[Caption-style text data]
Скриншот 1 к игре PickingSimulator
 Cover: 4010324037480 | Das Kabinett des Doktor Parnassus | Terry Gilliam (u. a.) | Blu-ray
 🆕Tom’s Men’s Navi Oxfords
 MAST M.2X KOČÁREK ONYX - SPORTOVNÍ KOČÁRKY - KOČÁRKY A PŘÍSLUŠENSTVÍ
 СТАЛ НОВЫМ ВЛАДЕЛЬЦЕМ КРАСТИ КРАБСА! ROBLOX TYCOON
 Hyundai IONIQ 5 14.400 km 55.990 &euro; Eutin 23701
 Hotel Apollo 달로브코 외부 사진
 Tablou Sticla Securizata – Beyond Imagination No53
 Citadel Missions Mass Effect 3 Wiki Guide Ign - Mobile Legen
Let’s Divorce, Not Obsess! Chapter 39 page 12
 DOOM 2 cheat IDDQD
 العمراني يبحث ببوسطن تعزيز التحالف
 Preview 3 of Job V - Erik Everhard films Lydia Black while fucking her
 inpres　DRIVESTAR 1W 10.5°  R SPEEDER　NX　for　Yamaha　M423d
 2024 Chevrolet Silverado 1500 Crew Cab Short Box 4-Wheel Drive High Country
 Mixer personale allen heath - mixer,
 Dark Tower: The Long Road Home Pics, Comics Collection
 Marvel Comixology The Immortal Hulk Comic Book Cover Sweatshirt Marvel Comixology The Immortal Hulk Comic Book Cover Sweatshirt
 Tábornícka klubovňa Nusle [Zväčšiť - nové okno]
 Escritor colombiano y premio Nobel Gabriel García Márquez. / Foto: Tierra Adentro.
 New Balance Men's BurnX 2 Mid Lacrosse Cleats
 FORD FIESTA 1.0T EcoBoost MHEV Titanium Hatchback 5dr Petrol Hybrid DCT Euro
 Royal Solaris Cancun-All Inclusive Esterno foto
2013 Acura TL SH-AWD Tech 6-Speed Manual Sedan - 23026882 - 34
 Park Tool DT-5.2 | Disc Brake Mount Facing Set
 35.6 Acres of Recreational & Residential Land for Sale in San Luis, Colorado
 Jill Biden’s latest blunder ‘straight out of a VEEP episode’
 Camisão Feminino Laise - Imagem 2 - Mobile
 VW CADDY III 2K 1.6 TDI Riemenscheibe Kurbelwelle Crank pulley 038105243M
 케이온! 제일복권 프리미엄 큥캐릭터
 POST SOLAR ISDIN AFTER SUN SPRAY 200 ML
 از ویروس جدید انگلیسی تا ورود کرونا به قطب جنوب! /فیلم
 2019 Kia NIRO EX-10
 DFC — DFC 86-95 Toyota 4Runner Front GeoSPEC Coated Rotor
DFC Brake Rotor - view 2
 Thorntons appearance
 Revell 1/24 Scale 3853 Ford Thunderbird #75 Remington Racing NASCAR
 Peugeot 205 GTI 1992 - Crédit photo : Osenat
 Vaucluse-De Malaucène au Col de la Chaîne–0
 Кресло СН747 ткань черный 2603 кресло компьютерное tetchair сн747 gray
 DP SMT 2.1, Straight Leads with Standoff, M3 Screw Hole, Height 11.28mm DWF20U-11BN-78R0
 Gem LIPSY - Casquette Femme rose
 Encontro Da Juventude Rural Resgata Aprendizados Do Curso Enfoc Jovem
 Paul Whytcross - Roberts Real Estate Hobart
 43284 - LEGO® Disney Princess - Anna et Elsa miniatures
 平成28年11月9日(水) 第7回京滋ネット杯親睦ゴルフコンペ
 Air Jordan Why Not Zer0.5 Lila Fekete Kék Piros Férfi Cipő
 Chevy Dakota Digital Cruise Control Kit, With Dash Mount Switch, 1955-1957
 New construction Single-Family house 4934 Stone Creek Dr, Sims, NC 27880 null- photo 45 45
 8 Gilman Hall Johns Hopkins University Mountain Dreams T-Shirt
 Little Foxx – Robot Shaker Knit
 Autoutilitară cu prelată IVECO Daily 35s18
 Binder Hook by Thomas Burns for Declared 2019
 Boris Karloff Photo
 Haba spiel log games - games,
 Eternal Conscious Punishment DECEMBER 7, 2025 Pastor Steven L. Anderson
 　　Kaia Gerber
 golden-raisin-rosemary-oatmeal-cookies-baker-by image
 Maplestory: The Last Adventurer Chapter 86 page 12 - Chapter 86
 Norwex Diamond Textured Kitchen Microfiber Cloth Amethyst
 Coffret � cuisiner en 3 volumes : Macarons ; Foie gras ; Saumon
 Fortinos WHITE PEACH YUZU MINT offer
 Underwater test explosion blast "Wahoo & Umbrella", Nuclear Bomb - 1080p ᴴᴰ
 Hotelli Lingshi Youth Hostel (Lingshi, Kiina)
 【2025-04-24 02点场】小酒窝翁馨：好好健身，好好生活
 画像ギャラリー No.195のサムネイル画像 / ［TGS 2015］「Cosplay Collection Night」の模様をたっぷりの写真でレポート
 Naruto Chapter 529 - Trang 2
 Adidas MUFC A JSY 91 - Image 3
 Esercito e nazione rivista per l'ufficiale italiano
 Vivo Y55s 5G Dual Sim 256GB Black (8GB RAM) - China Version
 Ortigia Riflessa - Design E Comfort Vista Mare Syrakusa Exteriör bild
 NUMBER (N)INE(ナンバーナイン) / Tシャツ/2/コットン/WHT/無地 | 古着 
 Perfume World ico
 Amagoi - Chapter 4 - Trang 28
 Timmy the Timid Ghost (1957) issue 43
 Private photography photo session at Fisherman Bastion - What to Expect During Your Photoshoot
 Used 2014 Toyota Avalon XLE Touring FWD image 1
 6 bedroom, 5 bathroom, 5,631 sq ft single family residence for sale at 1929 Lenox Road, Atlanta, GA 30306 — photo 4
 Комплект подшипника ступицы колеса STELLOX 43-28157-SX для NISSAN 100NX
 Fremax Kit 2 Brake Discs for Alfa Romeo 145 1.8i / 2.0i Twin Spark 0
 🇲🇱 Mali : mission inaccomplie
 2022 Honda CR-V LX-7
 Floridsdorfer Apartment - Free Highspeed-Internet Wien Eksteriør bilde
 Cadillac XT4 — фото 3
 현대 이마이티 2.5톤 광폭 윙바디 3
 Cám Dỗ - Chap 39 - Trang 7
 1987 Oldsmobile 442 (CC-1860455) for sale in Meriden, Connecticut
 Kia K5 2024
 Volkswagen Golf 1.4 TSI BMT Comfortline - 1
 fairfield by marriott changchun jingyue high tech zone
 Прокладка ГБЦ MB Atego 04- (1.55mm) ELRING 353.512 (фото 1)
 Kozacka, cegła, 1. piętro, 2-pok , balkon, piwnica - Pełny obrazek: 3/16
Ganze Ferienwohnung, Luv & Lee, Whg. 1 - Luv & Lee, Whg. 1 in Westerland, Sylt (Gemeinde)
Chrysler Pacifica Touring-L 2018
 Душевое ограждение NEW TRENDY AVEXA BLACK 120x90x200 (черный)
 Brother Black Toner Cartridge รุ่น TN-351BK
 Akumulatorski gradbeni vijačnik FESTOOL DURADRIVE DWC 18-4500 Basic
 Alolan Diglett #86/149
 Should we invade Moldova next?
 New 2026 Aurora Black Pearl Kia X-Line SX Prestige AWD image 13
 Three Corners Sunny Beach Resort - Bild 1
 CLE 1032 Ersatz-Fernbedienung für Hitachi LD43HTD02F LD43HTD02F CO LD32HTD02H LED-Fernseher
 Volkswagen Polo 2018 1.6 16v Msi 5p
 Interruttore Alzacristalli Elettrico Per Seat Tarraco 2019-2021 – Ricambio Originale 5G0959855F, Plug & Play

Directions for this task:
Each record has to be given again exactly as written.

Result of the task:
Скриншот 1 к игре PickingSimulator
 Cover: 4010324037480 | Das Kabinett des Doktor Parnassus | Terry Gilliam (u. a.) | Blu-ray
 🆕Tom’s Men’s Navi Oxfords
 MAST M.2X KOČÁREK ONYX - SPORTOVNÍ KOČÁRKY - KOČÁRKY A PŘÍSLUŠENSTVÍ
 СТАЛ НОВЫМ ВЛАДЕЛЬЦЕМ КРАСТИ КРАБСА! ROBLOX TYCOON
 Hyundai IONIQ 5 14.400 km 55.990 &euro; Eutin 23701
 Hotel Apollo 달로브코 외부 사진
 Tablou Sticla Securizata – Beyond Imagination No53
 Citadel Missions Mass Effect 3 Wiki Guide Ign - Mobile Legen
Let’s Divorce, Not Obsess! Chapter 39 page 12
 DOOM 2 cheat IDDQD
 العمراني يبحث ببوسطن تعزيز التحالف
 Preview 3 of Job V - Erik Everhard films Lydia Black while fucking her
 inpres　DRIVESTAR 1W 10.5°  R SPEEDER　NX　for　Yamaha　M423d
 2024 Chevrolet Silverado 1500 Crew Cab Short Box 4-Wheel Drive High Country
 Mixer personale allen heath - mixer,
 Dark Tower: The Long Road Home Pics, Comics Collection
 Marvel Comixology The Immortal Hulk Comic Book Cover Sweatshirt Marvel Comixology The Immortal Hulk Comic Book Cover Sweatshirt
 Tábornícka klubovňa Nusle [Zväčšiť - nové okno]
 Escritor colombiano y premio Nobel Gabriel García Márquez. / Foto: Tierra Adentro.
 New Balance Men's BurnX 2 Mid Lacrosse Cleats
 FORD FIESTA 1.0T EcoBoost MHEV Titanium Hatchback 5dr Petrol Hybrid DCT Euro
 Royal Solaris Cancun-All Inclusive Esterno foto
2013 Acura TL SH-AWD Tech 6-Speed Manual Sedan - 23026882 - 34
 Park Tool DT-5.2 | Disc Brake Mount Facing Set
 35.6 Acres of Recreational & Residential Land for Sale in San Luis, Colorado
 Jill Biden’s latest blunder ‘straight out of a VEEP episode’
 Camisão Feminino Laise - Imagem 2 - Mobile
 VW CADDY III 2K 1.6 TDI Riemenscheibe Kurbelwelle Crank pulley 038105243M
 케이온! 제일복권 프리미엄 큥캐릭터
 POST SOLAR ISDIN AFTER SUN SPRAY 200 ML
 از ویروس جدید انگلیسی تا ورود کرونا به قطب جنوب! /فیلم
 2019 Kia NIRO EX-10
 DFC — DFC 86-95 Toyota 4Runner Front GeoSPEC Coated Rotor
DFC Brake Rotor - view 2
 Thorntons appearance
 Revell 1/24 Scale 3853 Ford Thunderbird #75 Remington Racing NASCAR
 Peugeot 205 GTI 1992 - Crédit photo : Osenat
 Vaucluse-De Malaucène au Col de la Chaîne–0
 Кресло СН747 ткань черный 2603 кресло компьютерное tetchair сн747 gray
 DP SMT 2.1, Straight Leads with Standoff, M3 Screw Hole, Height 11.28mm DWF20U-11BN-78R0
 Gem LIPSY - Casquette Femme rose
 Encontro Da Juventude Rural Resgata Aprendizados Do Curso Enfoc Jovem
 Paul Whytcross - Roberts Real Estate Hobart
 43284 - LEGO® Disney Princess - Anna et Elsa miniatures
 平成28年11月9日(水) 第7回京滋ネット杯親睦ゴルフコンペ
 Air Jordan Why Not Zer0.5 Lila Fekete Kék Piros Férfi Cipő
 Chevy Dakota Digital Cruise Control Kit, With Dash Mount Switch, 1955-1957
 New construction Single-Family house 4934 Stone Creek Dr, Sims, NC 27880 null- photo 45 45
 8 Gilman Hall Johns Hopkins University Mountain Dreams T-Shirt
 Little Foxx – Robot Shaker Knit
 Autoutilitară cu prelată IVECO Daily 35s18
 Binder Hook by Thomas Burns for Declared 2019
 Boris Karloff Photo
 Haba spiel log games - games,
 Eternal Conscious Punishment DECEMBER 7, 2025 Pastor Steven L. Anderson
 　　Kaia Gerber
 golden-raisin-rosemary-oatmeal-cookies-baker-by image
 Maplestory: The Last Adventurer Chapter 86 page 12 - Chapter 86
 Norwex Diamond Textured Kitchen Microfiber Cloth Amethyst
 Coffret � cuisiner en 3 volumes : Macarons ; Foie gras ; Saumon
 Fortinos WHITE PEACH YUZU MINT offer
 Underwater test explosion blast "Wahoo & Umbrella", Nuclear Bomb - 1080p ᴴᴰ
 Hotelli Lingshi Youth Hostel (Lingshi, Kiina)
 【2025-04-24 02点场】小酒窝翁馨：好好健身，好好生活
 画像ギャラリー No.195のサムネイル画像 / ［TGS 2015］「Cosplay Collection Night」の模様をたっぷりの写真でレポート
 Naruto Chapter 529 - Trang 2
 Adidas MUFC A JSY 91 - Image 3
 Esercito e nazione rivista per l'ufficiale italiano
 Vivo Y55s 5G Dual Sim 256GB Black (8GB RAM) - China Version
 Ortigia Riflessa - Design E Comfort Vista Mare Syrakusa Exteriör bild
 NUMBER (N)INE(ナンバーナイン) / Tシャツ/2/コットン/WHT/無地 | 古着 
 Perfume World ico
 Amagoi - Chapter 4 - Trang 28
 Timmy the Timid Ghost (1957) issue 43
 Private photography photo session at Fisherman Bastion - What to Expect During Your Photoshoot
 Used 2014 Toyota Avalon XLE Touring FWD image 1
 6 bedroom, 5 bathroom, 5,631 sq ft single family residence for sale at 1929 Lenox Road, Atlanta, GA 30306 — photo 4
 Комплект подшипника ступицы колеса STELLOX 43-28157-SX для NISSAN 100NX
 Fremax Kit 2 Brake Discs for Alfa Romeo 145 1.8i / 2.0i Twin Spark 0
 🇲🇱 Mali : mission inaccomplie
 2022 Honda CR-V LX-7
 Floridsdorfer Apartment - Free Highspeed-Internet Wien Eksteriør bilde
 Cadillac XT4 — фото 3
 현대 이마이티 2.5톤 광폭 윙바디 3
 Cám Dỗ - Chap 39 - Trang 7
 1987 Oldsmobile 442 (CC-1860455) for sale in Meriden, Connecticut
 Kia K5 2024
 Volkswagen Golf 1.4 TSI BMT Comfortline - 1
 fairfield by marriott changchun jingyue high tech zone
 Прокладка ГБЦ MB Atego 04- (1.55mm) ELRING 353.512 (фото 1)
 Kozacka, cegła, 1. piętro, 2-pok , balkon, piwnica - Pełny obrazek: 3/16
Ganze Ferienwohnung, Luv & Lee, Whg. 1 - Luv & Lee, Whg. 1 in Westerland, Sylt (Gemeinde)
Chrysler Pacifica Touring-L 2018
 Душевое ограждение NEW TRENDY AVEXA BLACK 120x90x200 (черный)
 Brother Black Toner Cartridge รุ่น TN-351BK
 Akumulatorski gradbeni vijačnik FESTOOL DURADRIVE DWC 18-4500 Basic
 Alolan Diglett #86/149
 Should we invade Moldova next?
 New 2026 Aurora Black Pearl Kia X-Line SX Prestige AWD image 13
 Three Corners Sunny Beach Resort - Bild 1
 CLE 1032 Ersatz-Fernbedienung für Hitachi LD43HTD02F LD43HTD02F CO LD32HTD02H LED-Fernseher
 Volkswagen Polo 2018 1.6 16v Msi 5p
 Interruttore Alzacristalli Elettrico Per Seat Tarraco 2019-2021 – Ricambio Originale 5G0959855F, Plug & Play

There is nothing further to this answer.